We need to talk about Nigeria’s brutal war

As Nigerian culture rises globally, why do we ignore seven decades of killing?

Chris Wadibia is an academic advising on faith-based challenges. His research includes political Pentecostalism, global Christianity, and development. 

A TV interviewer sits across from a young woman in an outdoor setting
Michael Palin interviews Amina Ali Nkeki, a Boko Haram abduction survivor.
Themichaelpalin.com

Nigeria is the world's largest Black-majority country. Its richly diverse population includes over 235 million citizens, and its global diaspora numbers 17 million people. Famous for their cultural emphasis on education and professional achievement, Nigerians occupy senior positions of leadership and influence in every prominent industry on earth. From Los Angeles to London and Geneva to Rome, the world is replete with Nigerians working to create better lives for themselves, their families, and their communities.  

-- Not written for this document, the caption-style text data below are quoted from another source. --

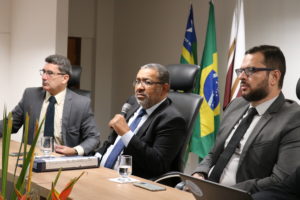 Bancada com três homens sentados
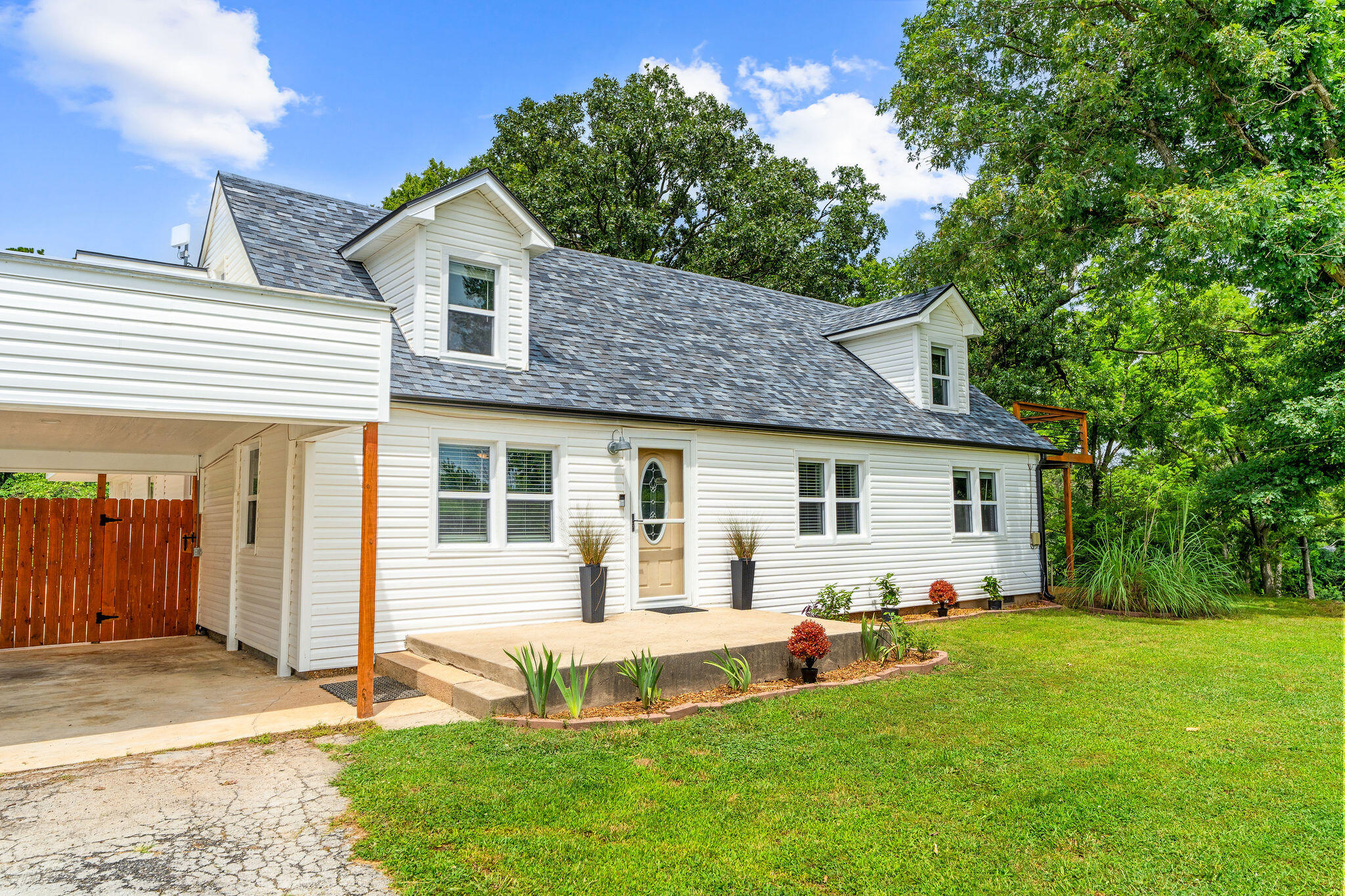 22059 Knob Hill Lane Property Photo 13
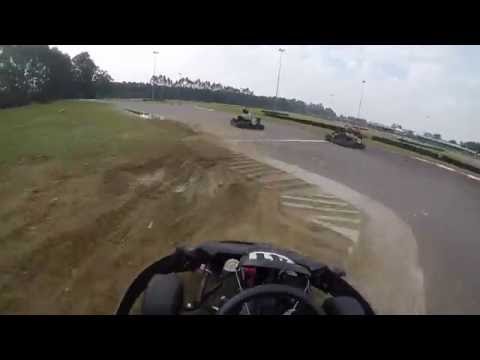 Corrida de Kart no Velopark VP-1500 on-board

In April 2024, British TV station Channel 5 first aired Michael Palin in Nigeria, a three-part travel documentary hosted by English actor and comedian Michael Palin. The series exposed viewers to the magnificence and difficulties of life in the Giant of Africa. From the destitute, famous floating mega-village Makoko in Lagos to thrilling polo games in the North, the docuseries testifies to how the world remains fascinated by Nigeria, despite the significant geopolitical, socioeconomic, and inter-religious challenges it faces.  

Shockingly, one of the gravest of these challenges has escaped the world's gaze for decades. A brutal war has persisted in Nigeria for over 70 years. It has gained scant attention from leading Western media and has been largely ignored by the Nigerian media. Just one short segment of Palin’s series hints at it – when he interviewed a survivor of a Boko Haram abduction of schoolgirls a decade ago. 

The war against Christians in Nigeria began in the middle of the twentieth century but was exacerbated by the Biafra War (1967-1970), a bloody civil war from which Nigerian society has never fully recovered. The war led to over one million casualties. Its causes included economic, political, interethnic, and interreligious factors. It brought out the ugly side of religion in Nigeria: violence between Muslims and Christians colonially coerced to cohabitate.   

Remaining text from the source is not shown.